The Elkhorn Vale

Walt Whitman
A few months ago I spoke with my good buddy PJWB about documenting some of my occasional travels outside of the courthouse collecting that I usually post about. After all, we wanted this site to have as much information about Kentucky as possible. So it seemed like it was high time for that thing that PJWB loves: a BRAND NEW HASHTAG!

From here on out, I (NRK) will post on travels not relating to courthouses using the #ElkhornVale tag.

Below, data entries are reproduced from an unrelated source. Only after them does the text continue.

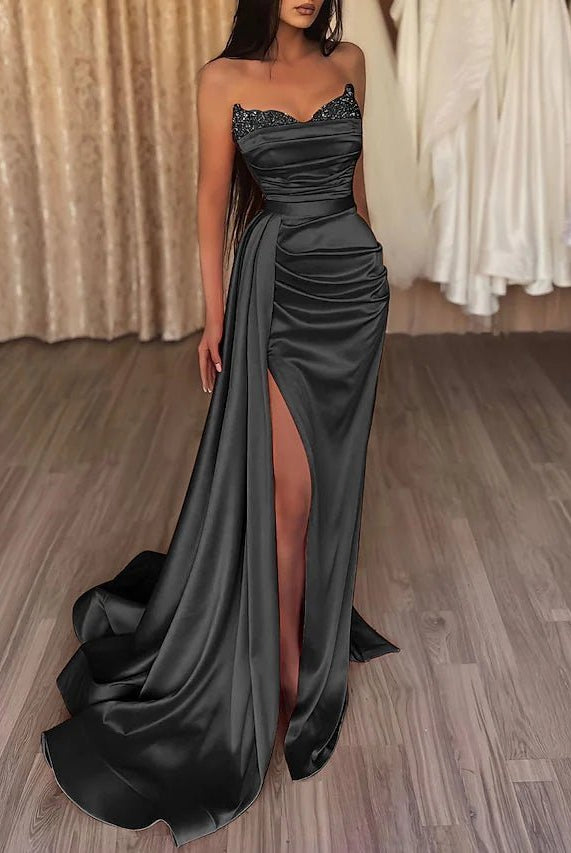 Sasha | Mermaid Evening Gown Sexy Dress Prom Court Train Sleeveless Strapless Satin with Slit Pure Color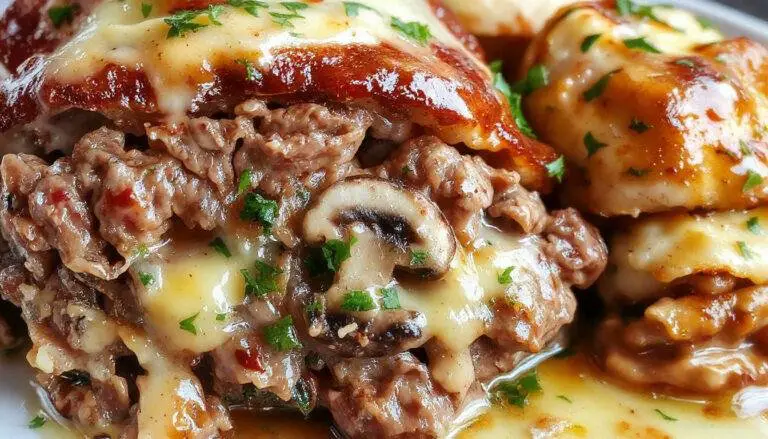 A savory mushroom meatloaf topped with melted Swiss cheese, sliced to reveal a moist interior filled with hearty chunks of mushrooms and herbs, placed on a rustic wooden platter with fresh herbs and a side of roasted vegetables.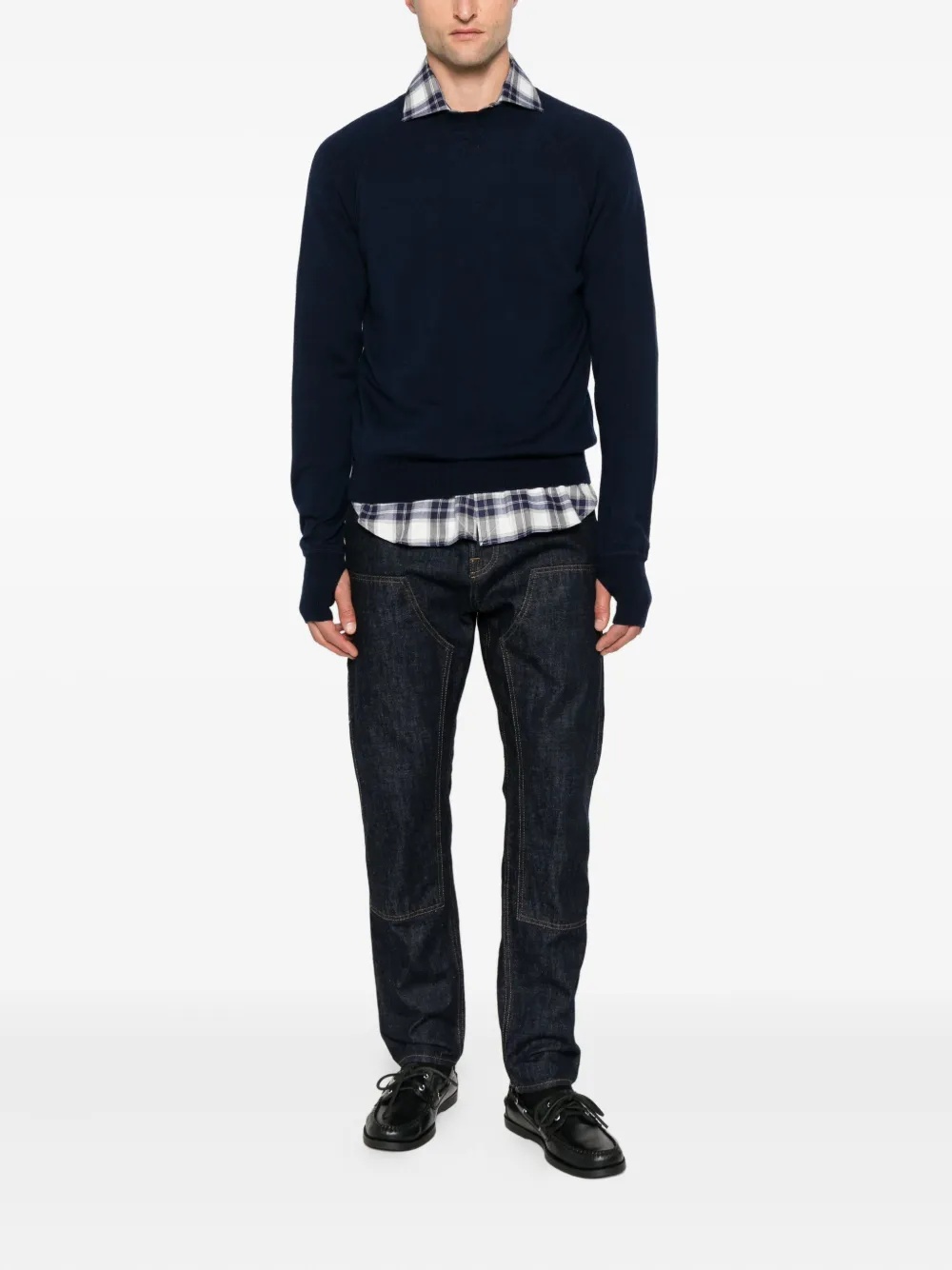 Eleventy Ribbed Crewneck Raglan Sweater With Long Sleeves In Black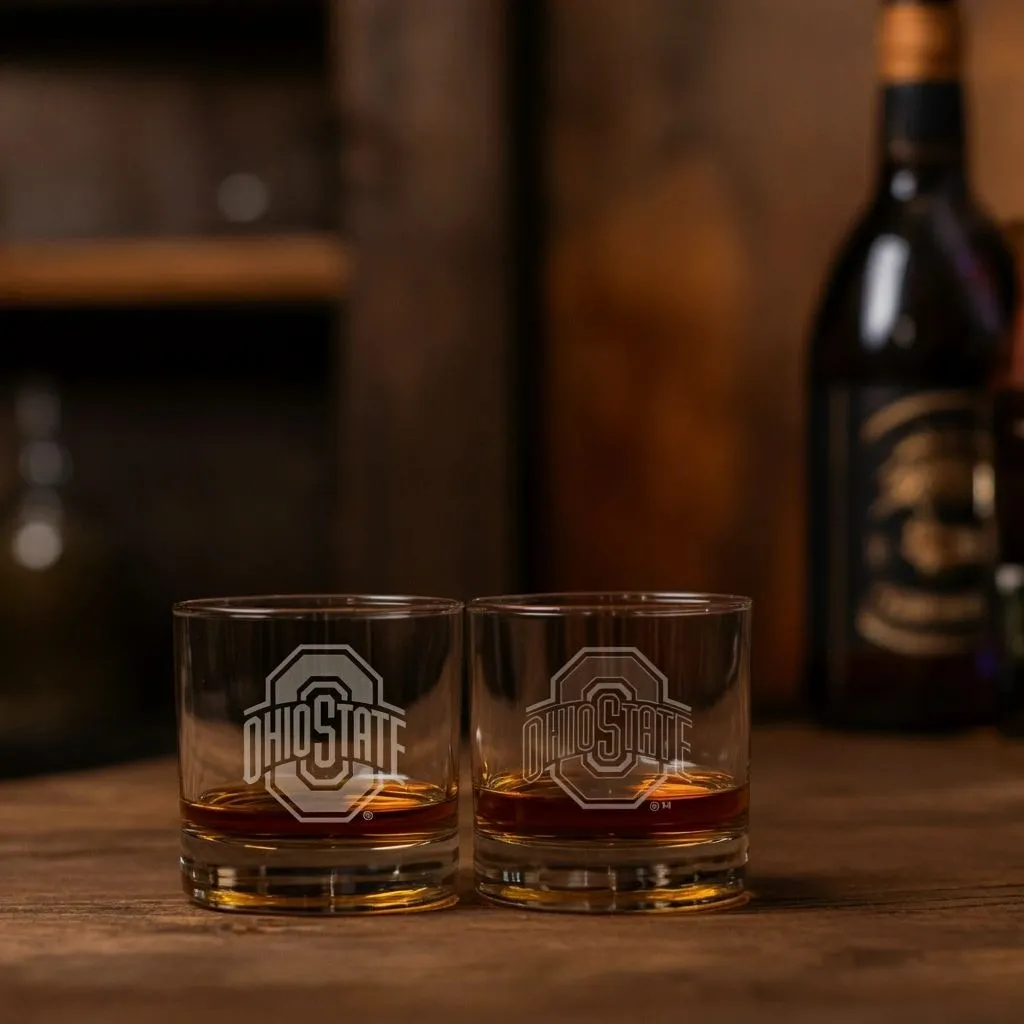 Two whiskey glasses etched with the Ohio State logo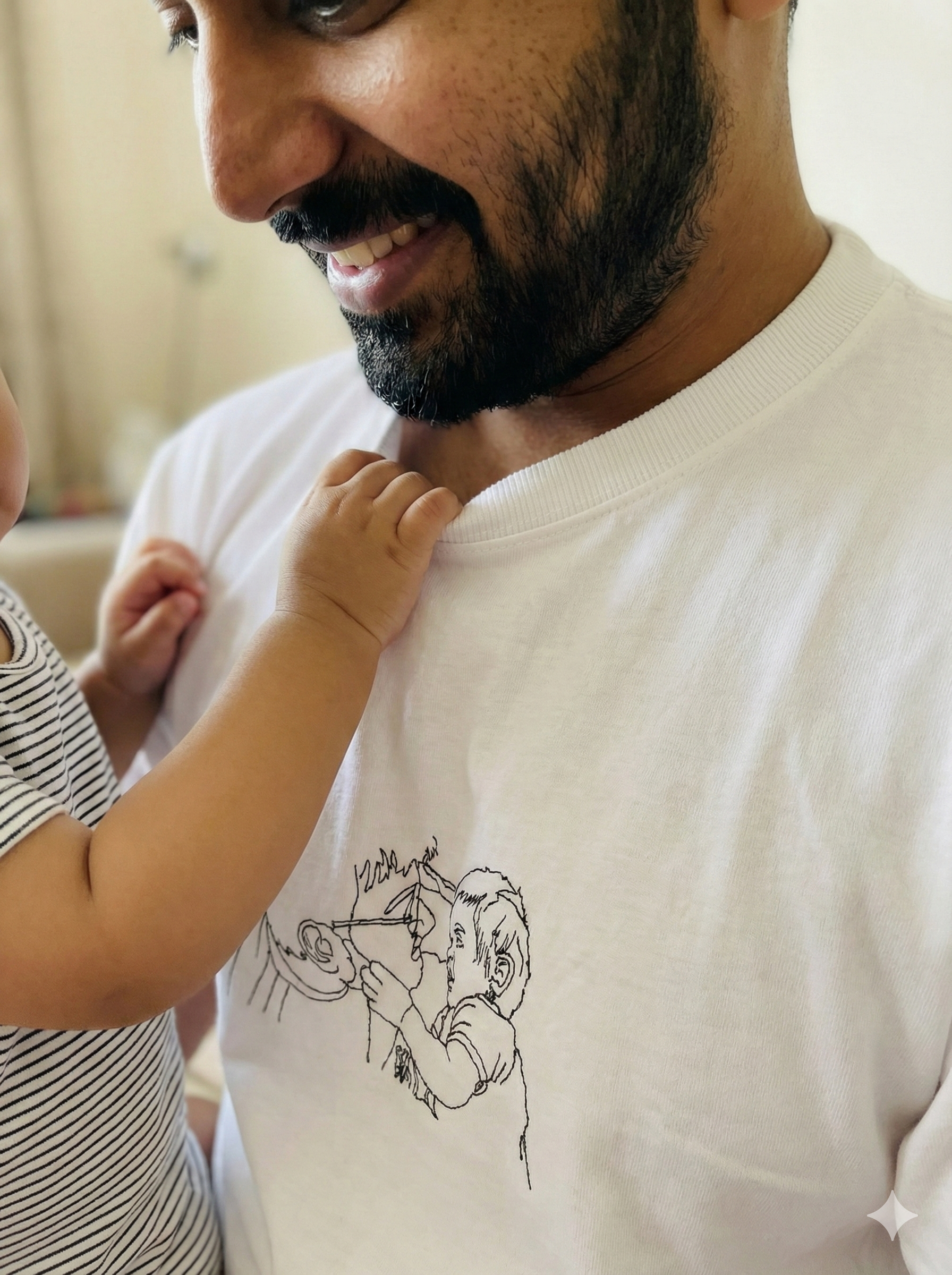 Personalised Photo Outline Embroidery Oversized Tee for DAD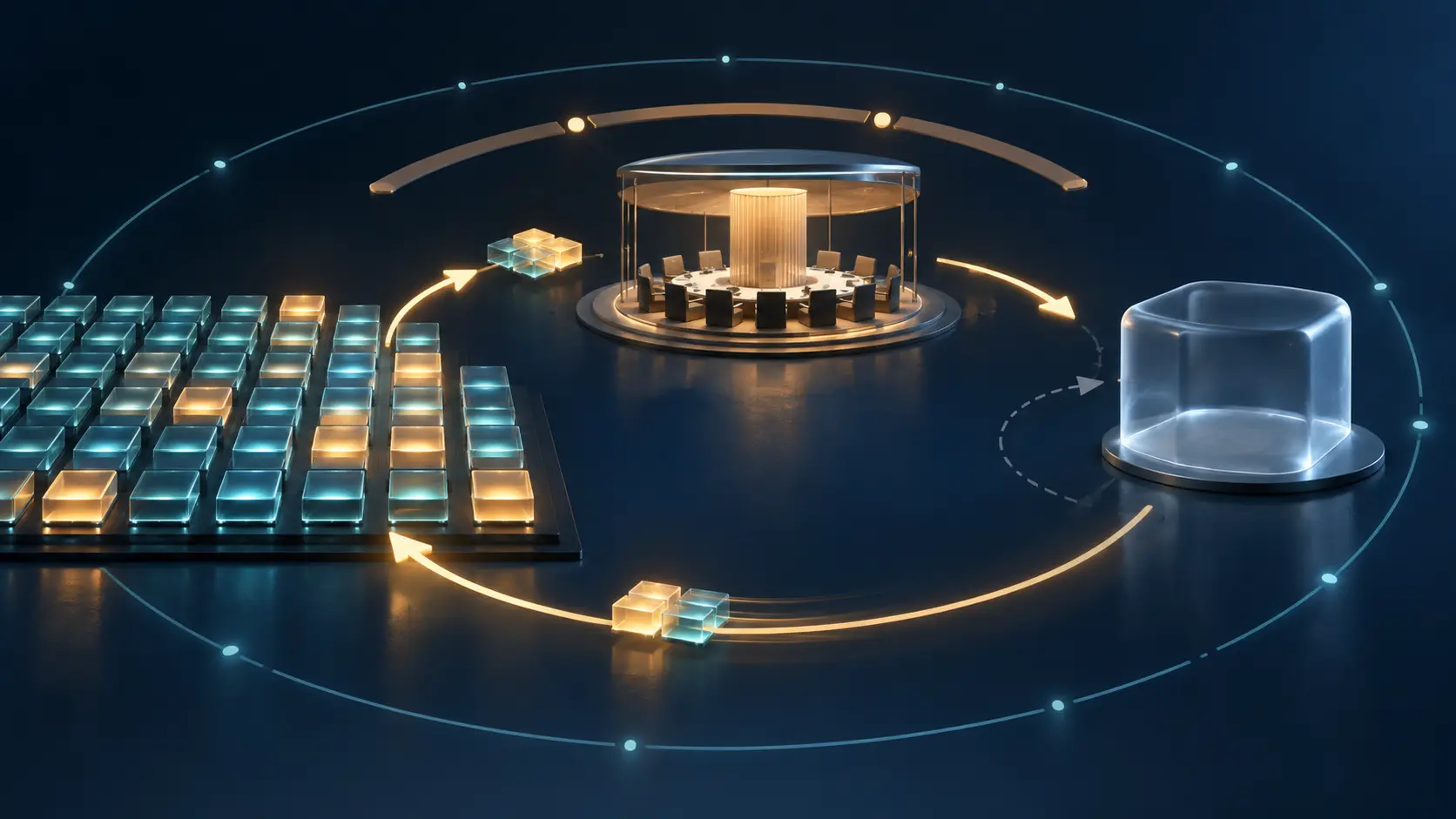 Temporary address tiles flow to a conference table; the return path passes an empty quarantine chamber before looping back to the pool.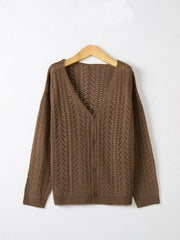 Brown chevron knit lightweight cardigan with button-down front and V-neck.
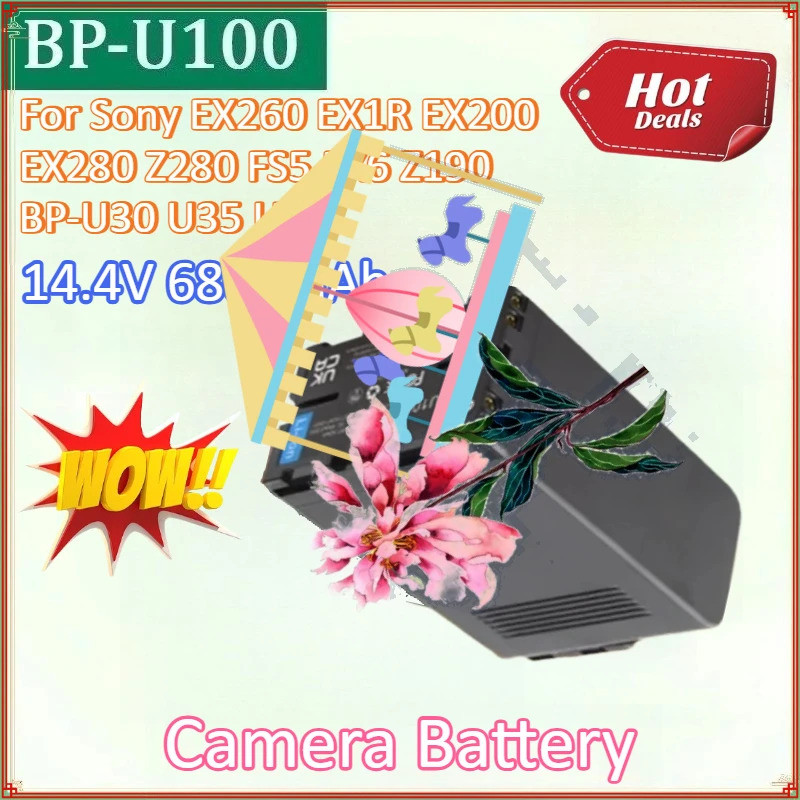 ใหม่ BP-U100 14.4V 6800mAh แบตเตอรี่กล้องสําหรับ Sony EX260 EX1R EX200 EX280 Z280 FS5 FX6 Z190 BP-U3
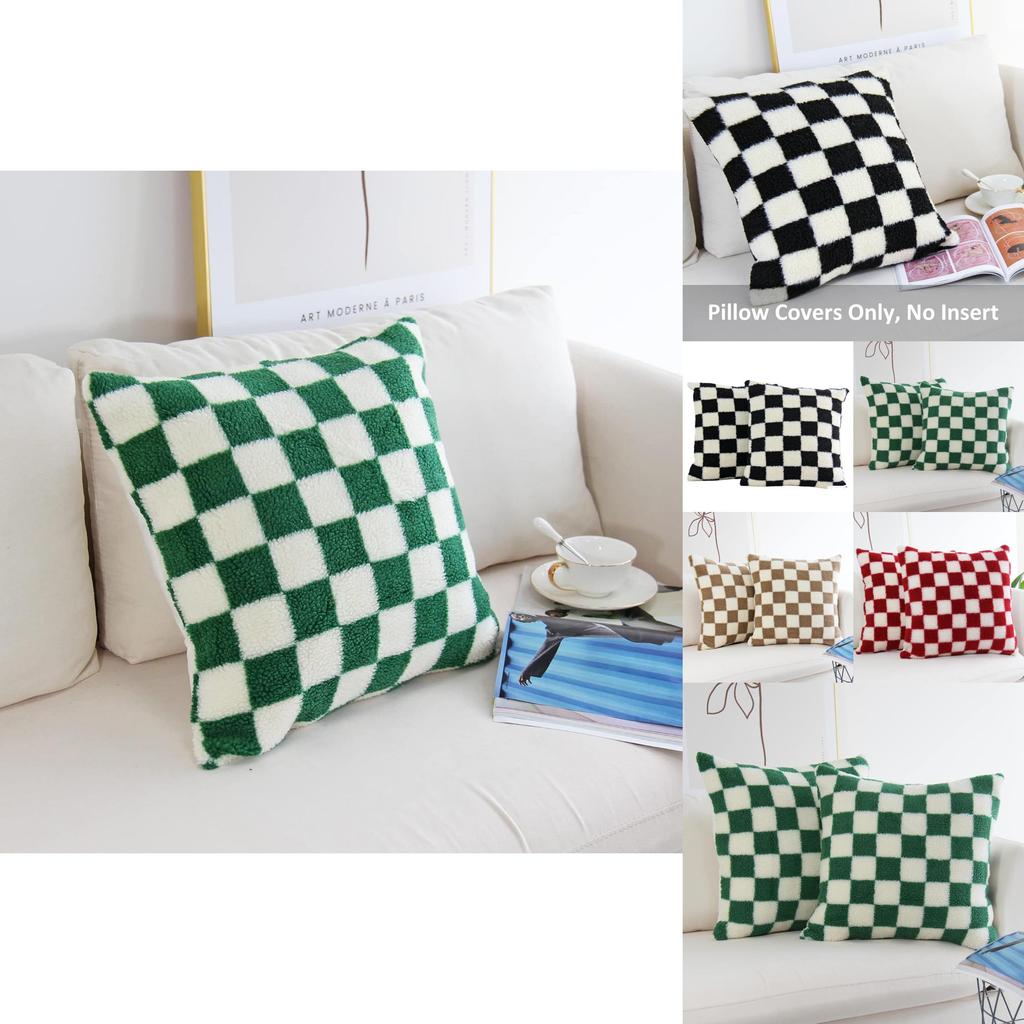 Geometrische Karierte Sherpa-Fleece Kissenbezüge Für Sofa Wohnzimmer Heimdeko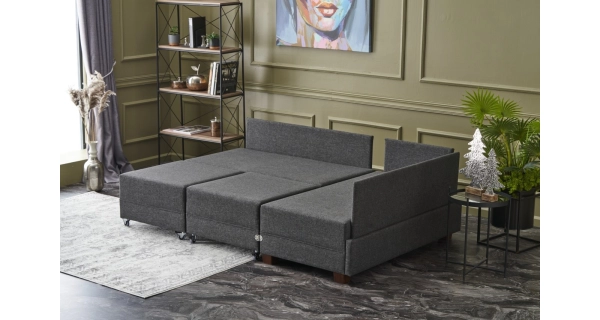 Rozkládací rohová sedačka ASPASIA, pravá, antracit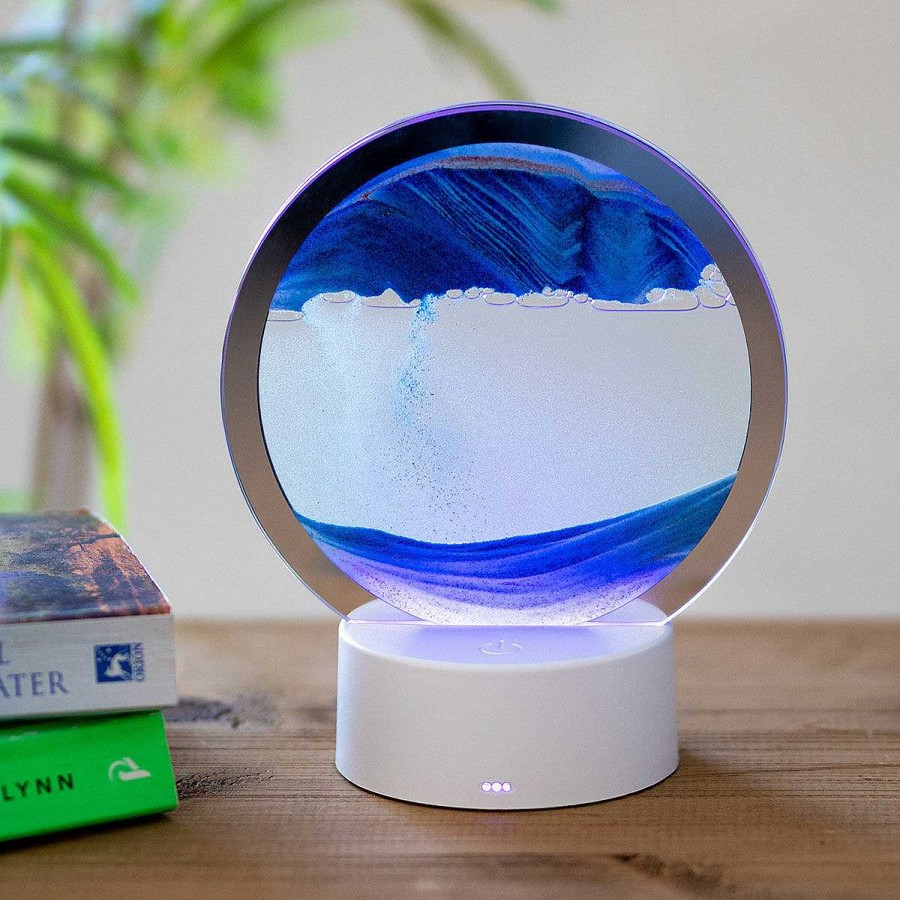 Office | Temptation Gifts Colour Changing Quicksand Lamp With Blue & Gold Sand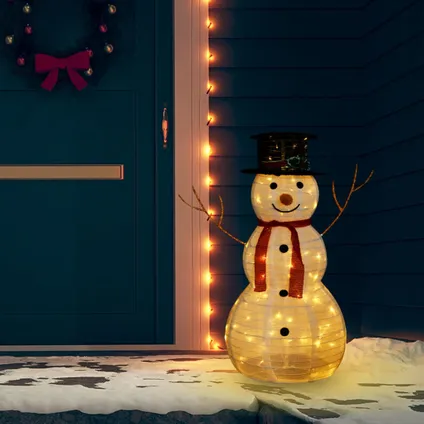 vidaXL Figurine de bonhomme de neige de Noël à LED Tissu 90 cm 2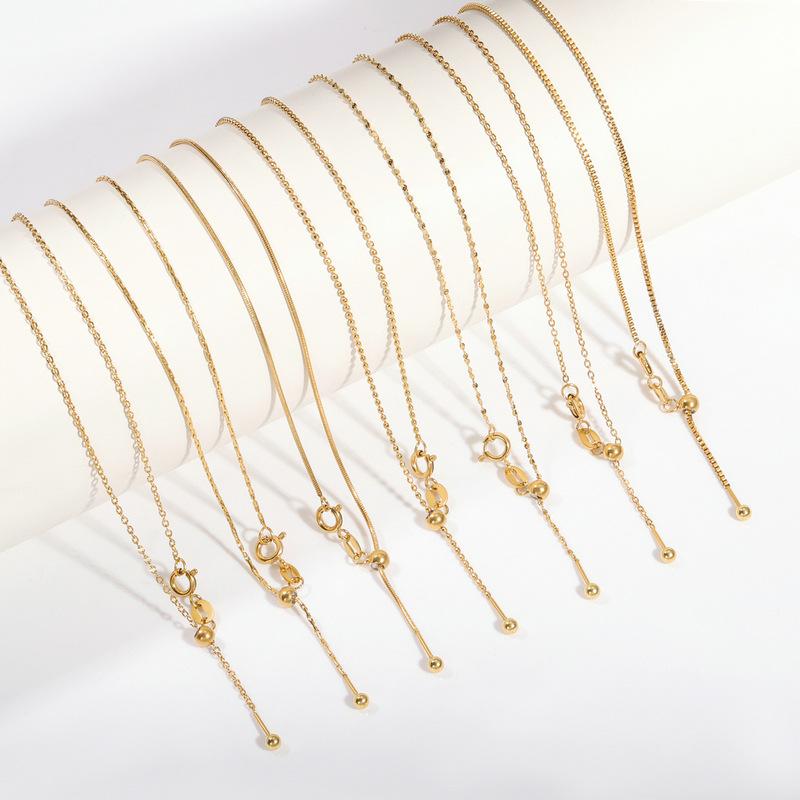 Stainless Steel Universal Chain Necklace Simple High Sense DIY Handmade Jewelry Chain Clavicle Chain 18K Adjustable Plain Chain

The term comes from Leaves of Grass, Whitman's famous poem. In context, Whitman was accounting for his one-ness with others of this nation - in his own perhaps overly romantic way. Here is a portion the passage:

I am of old and young, of the foolish as much as the wise,
Regardless of others, ever regardful of others,
Maternal as well as paternal, a child as well as a man,
Stuff’d with the stuff that is coarse and stuff’d with the stuff
that is fine,
One of the Nation of many nations, the smallest the same
and the largest the same,
A Southerner soon as a Northerner, a planter nonchalant
and hospitable down by the Oconee I live,
A Yankee bound my own way ready for trade, my joints the
limberest joints on earth and the sternest joints on earth,
A Kentuckian walking the vale of the Elkhorn in my deer-skin
leggings
, a Louisianian or Georgian,
A boatman over lakes or bays or along coasts, a Hoosier,
Badger, Buckeye . . .

- Walt Whitman, Leaves of Grass.
Anyway, I hope to provide some interesting content over the next few weeks.